Por que a senhora acredita que os jovens são trabalhadores do tráfico?

Na periferia, ao contrário do que se pensa, os jovens não entram no mundo do crime. Eu digo é que eles entram no mundo do trabalho, porque no tráfico há regras. O tráfico não é o caos em que todo mundo faz o que quer, muito pelo contrário. A indústria das drogas é uma das mais rentáveis. As leis são como as de qualquer outro tipo de comércio. Os meninos não podem ratear (roubar) a boca do mesmo modo que um trabalhador não pode roubar a empresa para a qual trabalha. As regras são bem estabelecidas. Isso porque o objetivo é claro: garantir que o mercado seja perpetuado. Isso faz com que os jovens se sintam inseridos em um grupo, o que não acontece na sociedade, onde ele é invisível. São questões que acho importante para fazer a ligação com o PCC (Primeiro Comando da Capital) e os debates.

O que são os debates?

O debate é uma forma de o PCC se organizar para decidir sobre as regras do jogo. Nós temos o Tribunal de Justiça. Eles têm o "debate". As regras do mundo do crime são claras. Se alguém fez alguma coisa que não podia, se cometeu alguma infração, ele vai para o "debate". Lá, você dá o seu ponto de vista, as testemunhas falam e ocorre o veredicto, que pode ser uma segunda chance. Essa segunda chance é uma forma perversa e autoritária, mas também paternalista.

Em avaliações preliminares da sua pesquisa, a senhora diz que uma das conseqüências dessa organização do PCC é a redução do número de homicídios.
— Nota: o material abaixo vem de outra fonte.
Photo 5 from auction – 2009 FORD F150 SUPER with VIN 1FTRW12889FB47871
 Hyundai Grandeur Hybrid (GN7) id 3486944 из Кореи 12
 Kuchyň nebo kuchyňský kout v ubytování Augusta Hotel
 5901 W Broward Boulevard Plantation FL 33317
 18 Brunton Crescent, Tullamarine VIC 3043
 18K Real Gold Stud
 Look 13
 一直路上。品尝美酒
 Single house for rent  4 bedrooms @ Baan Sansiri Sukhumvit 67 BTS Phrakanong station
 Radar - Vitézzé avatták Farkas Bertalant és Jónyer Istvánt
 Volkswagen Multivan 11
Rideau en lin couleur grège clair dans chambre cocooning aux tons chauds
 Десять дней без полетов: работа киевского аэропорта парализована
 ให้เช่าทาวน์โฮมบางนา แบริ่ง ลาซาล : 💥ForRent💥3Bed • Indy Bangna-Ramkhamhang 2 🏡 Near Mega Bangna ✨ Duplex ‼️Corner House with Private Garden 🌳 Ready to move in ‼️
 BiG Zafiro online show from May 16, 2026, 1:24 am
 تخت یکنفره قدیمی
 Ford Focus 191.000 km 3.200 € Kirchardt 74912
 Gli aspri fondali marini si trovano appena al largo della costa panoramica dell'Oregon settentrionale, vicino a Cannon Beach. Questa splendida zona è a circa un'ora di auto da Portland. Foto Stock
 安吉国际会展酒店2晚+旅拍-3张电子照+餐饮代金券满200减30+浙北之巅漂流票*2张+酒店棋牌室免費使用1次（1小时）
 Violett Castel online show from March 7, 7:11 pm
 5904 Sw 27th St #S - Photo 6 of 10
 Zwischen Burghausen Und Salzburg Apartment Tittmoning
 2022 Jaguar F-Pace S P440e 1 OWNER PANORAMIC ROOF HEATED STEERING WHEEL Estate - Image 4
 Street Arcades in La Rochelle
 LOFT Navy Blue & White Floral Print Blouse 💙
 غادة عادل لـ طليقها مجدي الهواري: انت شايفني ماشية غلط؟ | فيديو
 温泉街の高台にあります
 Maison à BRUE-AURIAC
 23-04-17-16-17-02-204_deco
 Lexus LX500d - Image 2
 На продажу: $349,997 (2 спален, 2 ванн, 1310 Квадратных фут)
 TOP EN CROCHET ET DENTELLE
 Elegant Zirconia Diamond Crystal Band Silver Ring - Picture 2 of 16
Que fique claro que não estou fazendo nenhum tipo de apologia ao PCC. Mas as regras estabelecidas pela facção não permitem que qualquer um mate a seu bel prazer. As entrevistas que tenho feito apontam que ninguém pode matar sem falar com o "disciplina", que são pessoas que se tornam referências na região. A comunidade chega até a exagerar e diz que ninguém mais está morrendo. Os dados do Proaim (Programa de Aprimoramento de Informações sobre Mortalidade, da prefeitura), no entanto, mostram a redução das mortes.

Mas, ao dizer isso, a senhora não corre o risco de dar a entender que o PCC ficou "bonzinho"?

Corremos o risco de dizer que estamos perdendo para eles. O PCC está poupando vidas para "regrar" a sociedade. E isso é muito duro.